Location: Rangeland Resources Research
Title: Cross-fencing on private US rangelands: Financial costs and producer risks Authors
|Bracey-Knight, Kevin -|
|Toombs, Theodore -|
Submitted to: Rangelands
Publication Type: Peer Reviewed Journal
Publication Acceptance Date: January 18, 2011
Publication Date: April 1, 2011
Citation: Bracey-Knight, K., Toombs, T.P., Derner, J.D. 2011. Cross-fencing on private US rangelands: Financial costs and producer risks. Rangelands. 33(2):41-44. Interpretive Summary: One of the common practices used on rangelands for management is the addition of cross-fences to provide management flexibility, intensify management, and reduce spot grazing through more uniform use of the pasture. The addition of extra fence though results in initial costs (materials and installation) and longer-term costs associated with maintenance of the cross-fences. Some of the initial costs can be offset through financial incentives, but the longer-term costs are the responsibility of the land manager. This paper evaluates these longer-term costs and demonstrates that these longer-term maintenance costs enhance financial risk to the land manager, which can lead to higher stocking rates to increase economic returns per unit land area. However, this change in management may compromise the ability of these lands to produce goods and services for the general public.

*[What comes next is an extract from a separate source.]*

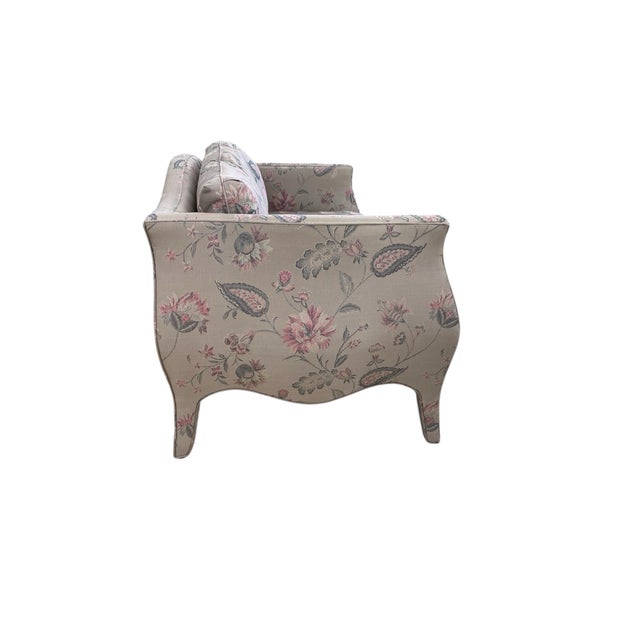 This 1986 Henredon Schoonbeck loveseat has the kind of quiet, curated look you see in Paris apartments—nothing flashy,...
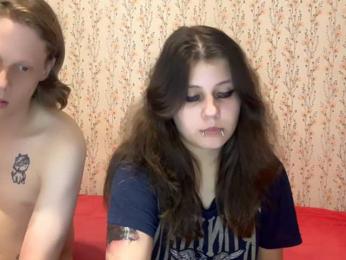 Crystal-Porn-Love webcam bongacams model stream image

Technical Abstract: Addition of cross-fencing to a ranch can increase flexibility in management, facilitate intensification of grazing management and achieve more uniform livestock distribution. Initial costs of installation and longer-term costs associated with maintenance of this fence, however, may influence profitability. Financial assistance can be obtained for cross-fencing through the US Farm Bill, with the Environmental Quality Incentives Program (EQIP). We used a case example of a 10,240 acre ranch that was either fenced as single pasture or subdivided into 16, 640 acre pastures to calculate projected installation and maintenance costs of the associated fence over a 20-year period, with and without the federal financial assistance. Although initial costs of construction and materials for cross-fencing can be partially offset with federal financial assistance, maintenance costs are a continuing burden for the producer and addition of cross-fencing can lead to long-term increases in debt. Thus, financial assistance for fencing may inadvertently increase producer financial risk by increasing long-term overhead costs and potentially encouraging higher stocking rates to increase economic returns which may compromise the ability of these lands to produce a suite of ecosystem goods and services desired by the general public.